Quelques étymologies (2/2)
par ricoxy
samedi 5 avril 2025
Bien que les titres nobiliaires ne soient plus d'usage actuellement, ils sont connus de tous et sont encore employés, surtout dans certains pays étrangers. De toute façon, ils ont marqué des siècles avant la Révolution française, qui les a abolis – théoriquement. Nous allons continuer de les examiner.
Comte
Le comte était d'abord un compagnon. Mot issu du latin comes, comitis, venant de cum ire : marcher avec, et donc compagnon (1). Le comte était une personne attachée au service de quelqu'un (magistrat, personne haut placée…), puis habilitée à le représenter. Le mot va ensuite désigner des hautes fonctions militaires et de hautes dignités. Le comte était à la tête d'un comté. Le fromage comté doit son nom, lui, à la Franche-Comté. Ce n'est pas le roi des fromages, mais c'est un noble fromage.
(1) le mot compagnon est formé de cum (avec) + panis (pain) : c'est celui avec qui on mange le (même) pain. Cf. le mot copain, anciennement compaing, qui était le nominatif de compagnon.
Au-dessous du comte se trouve le vicomte (vice comte) qui peut prendre sa place.
Féminins : comtesse. vicomtesse.
Baron
L'étymologie est incertaine. On trouve en ancien français ber, baron : homme fort, vaillant, noble. Mais on trouve dans le dictionnaire latin de Gaffiot le mot baro, baronis qui signifiait lourdaud, balourd. On évoque aussi une racine germanique baro : porteur (cf. anglais to bear : porter), donc homme fort, homme puissant, puis noble.
Féminin : baronne.
Les Anglais on créé le titre de baronnet, qui est au-dessus du chevalier ; le baronnet a le droit d'être appelé Sir.

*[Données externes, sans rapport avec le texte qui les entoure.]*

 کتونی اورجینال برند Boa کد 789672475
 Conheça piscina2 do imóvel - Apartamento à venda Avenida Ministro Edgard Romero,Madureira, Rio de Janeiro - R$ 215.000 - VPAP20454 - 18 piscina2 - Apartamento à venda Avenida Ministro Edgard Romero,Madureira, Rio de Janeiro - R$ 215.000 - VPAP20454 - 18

Sir vient du français sire (seigneur), venant lui-même du latin senior : plus âgé, aîné.
Un fils de Donald Trump (le président moitié maquignon, moitié père Ubu) se prénomme Baron ; mais on ne s'adresse pas à lui en disant Sir. En fait Baron est une déformation d'Aaron, un prénom d'origine hébraïque, dont l'étymologie est douteuse, peut-être l'hébreu ’arôn : dont le nom est grand, haut placé, ou arche (d’alliance).
Lord
Faisons un tour chez "nos amis" Anglois. En Angleterre, les grands nobles sont appelés lords, féminin ladies. Le très sérieux dictionnaire de Meriam Webster donne de lord la définition suivante : quelqu'un qui détient pouvoir et autorité sur les autres (2) ; quant à son étymologie, tenez-vous bien, ce dictionnaire indique : (Mot du) moyen anglais loverd : lord, venant du vieil anglais hlaford : loaf keeper, gardien du pain ou garde-pain (3). L'étymologie est confirmée par Etymonline. Le vieux mot anglais hlaf (pain) serait en relation avec le mot russe хлеб (khleb) : pain.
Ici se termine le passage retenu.